None of these is currently deployed on Drupal.org, but this is likely to be only a matter of time, since the problem grows only more acute with Drupal increase in complexity.

Note that all these tools focus on class/interface relationships, not on sequence as Lin mentions, but at some point, having formal declarations for hooks - if these remain in D8 and later - probably means another possibilty for auto generation too.

Great Idea

This is a great idea.

When you know you know, when you don't you don't.

I find In Drupal there can be a gap (chasm) between the two which is hard to cross, often due to a difficutlty in conceptualizing what the hell is going on.

After a couple of years with Drupal, I am at the point where I get the basics of the architecture and of writing  basic, isolated modules and glue code but find the next step of leveraging core and major contrib modules via api's hampered by a difficulty in grasping the big picture.

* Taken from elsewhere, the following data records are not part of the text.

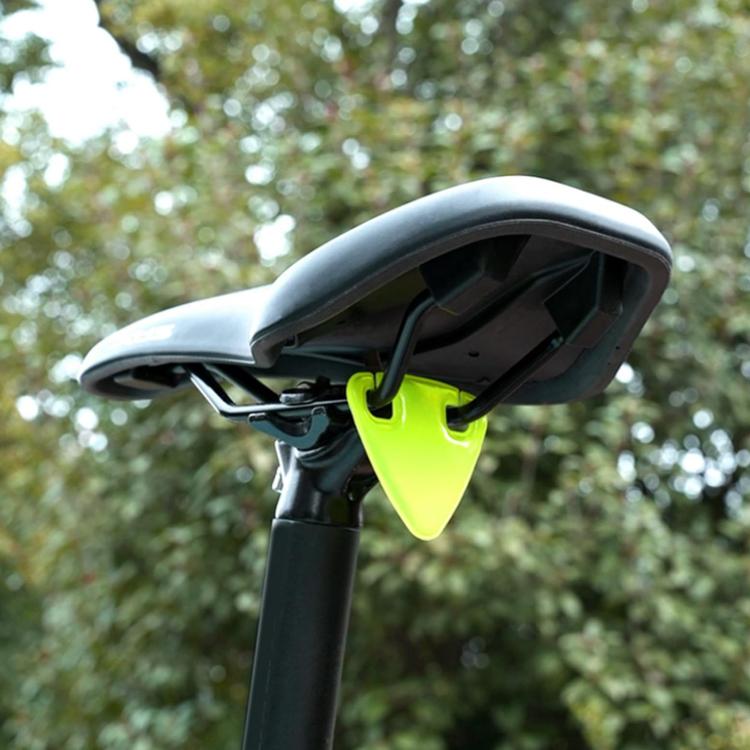 Neon green reflective triangle sticker mounted on bicycle seat area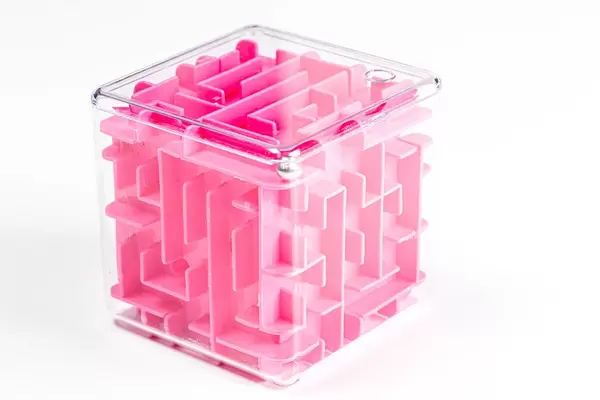 Pink maze cube on white background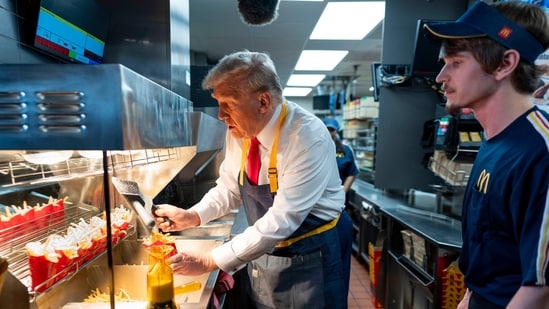 Donald Trump, left, uses a frier as an employee looks on during a visit to McDonald's in Feasterville-Trevose, Pa., Sunday, Oct. 20, 2024. (Doug Mills/The New York Times via AP, Pool)(AP)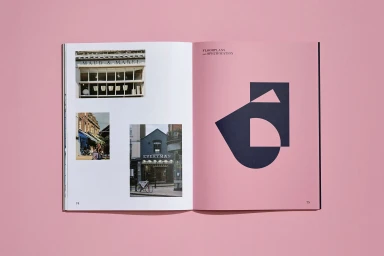 Open brochure featuring architectural photographs and geometric shapes against a solid pink background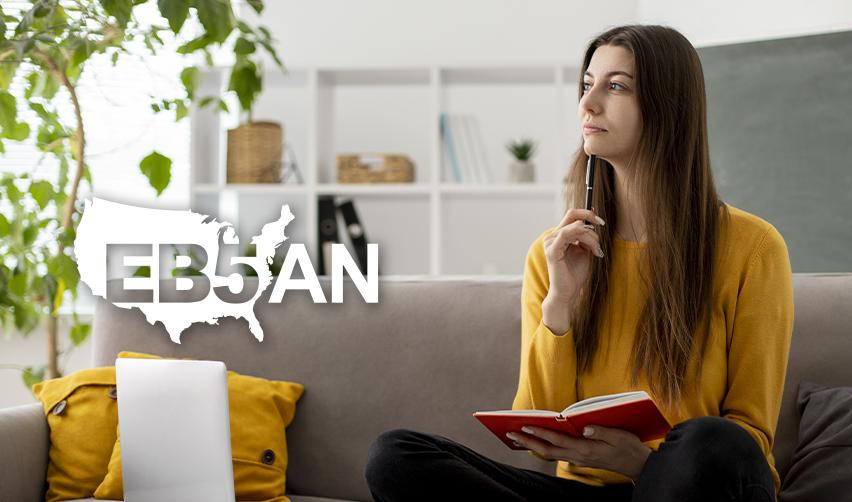 An EB5 investor sitting next to the EB5AN logo and thinking with a notebook and pen in her hand about her conditional permanent resident application.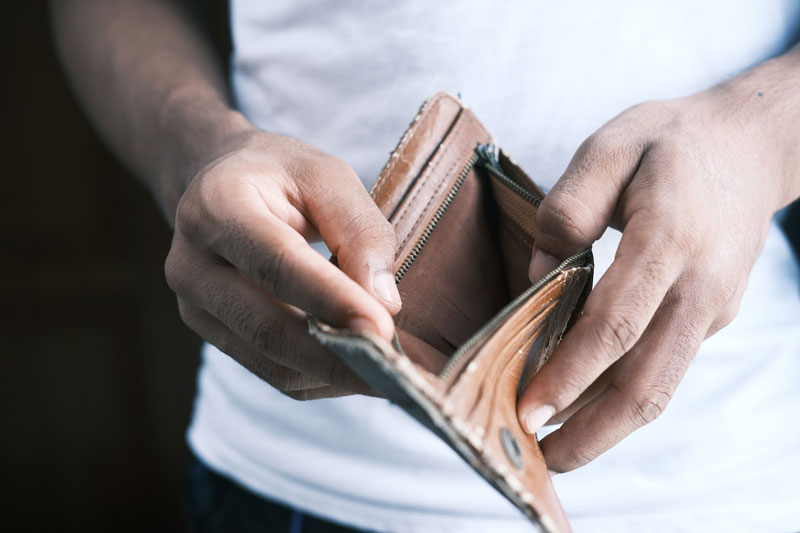 A man with an empty wallet.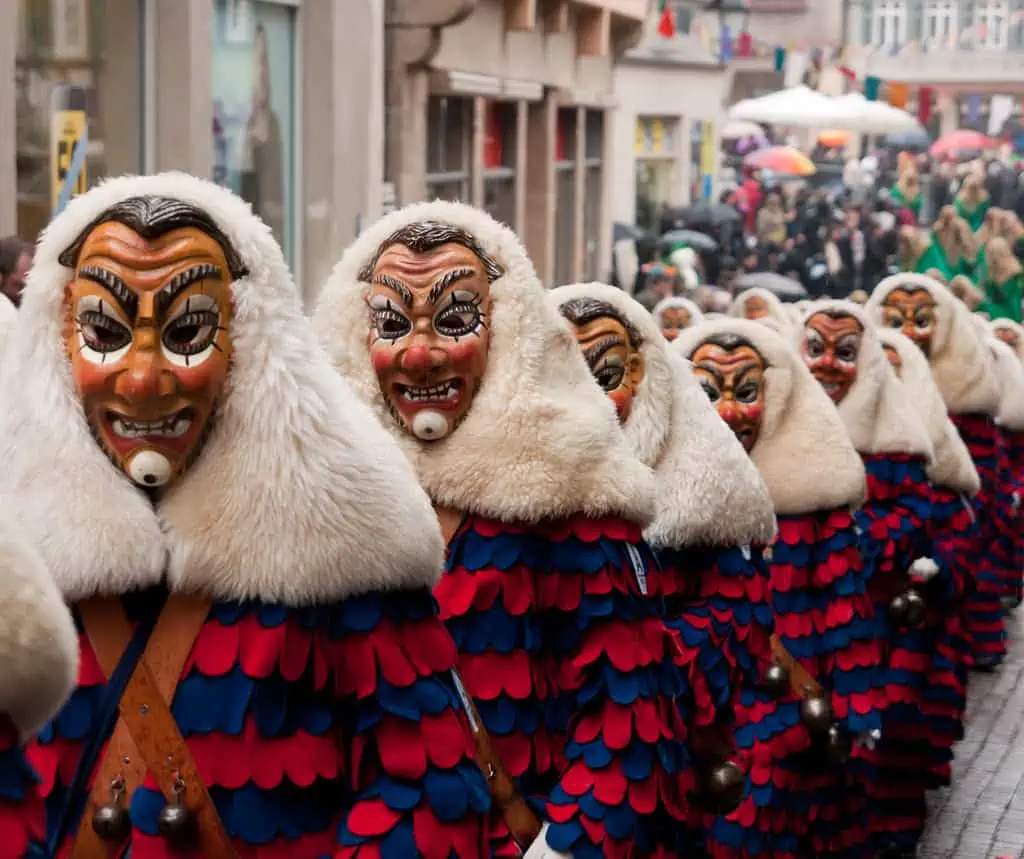 Eine Gruppe maskierter Menschen auf einer Straße, die den Fasching in Österreich feiert.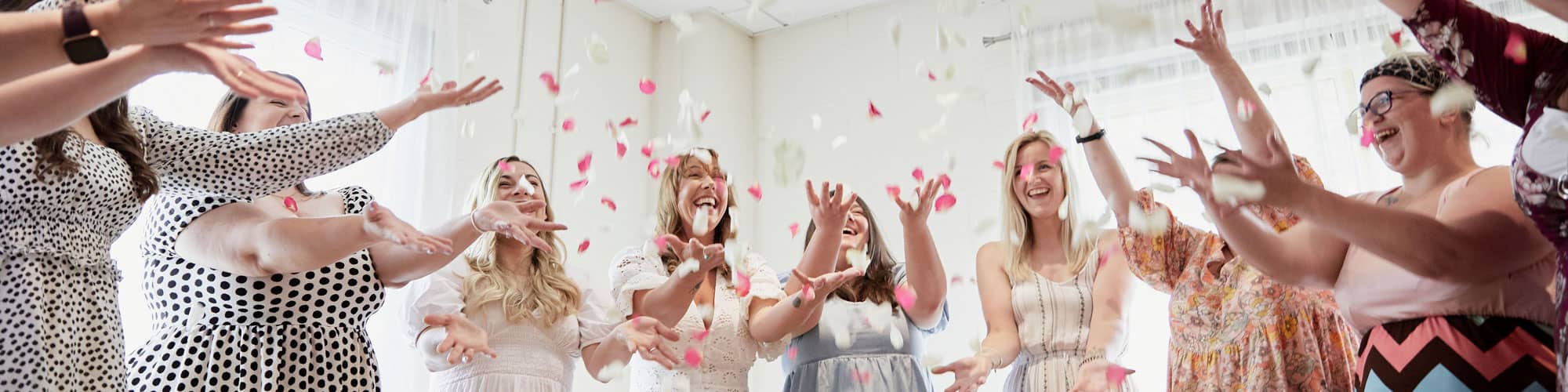 Throwing confetti at New Moon Circles event in South Wales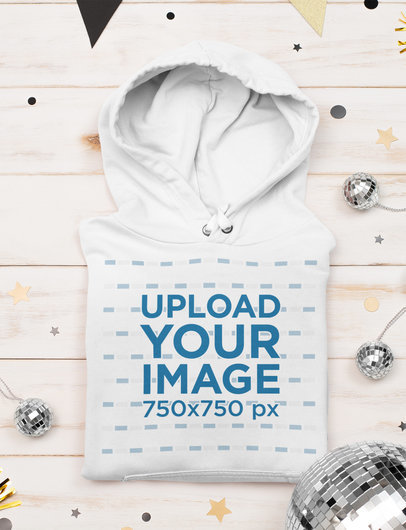 Mockup of a Folded Hoodie Surrounded by Party Items m262
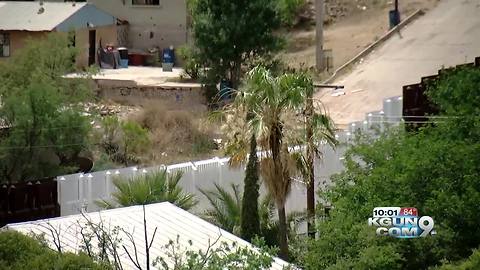 Section of Nogales border fence painted white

Anything that can help the penny drop would be fantastic and IMO these kind of initiatives would really help me and others in my postion. 

I suppose in practice the issue could be that most modules have very basic documentation due to resources and to get the diagrams produced would be tricky. This of course does not mean it should be done.

Maybe a bit ambitious but are there any tools that can auto-generate these diagrams ! Now that would be good.

Rich

Excellent

Thank you very much for this introduction. I'm gonna try it right now!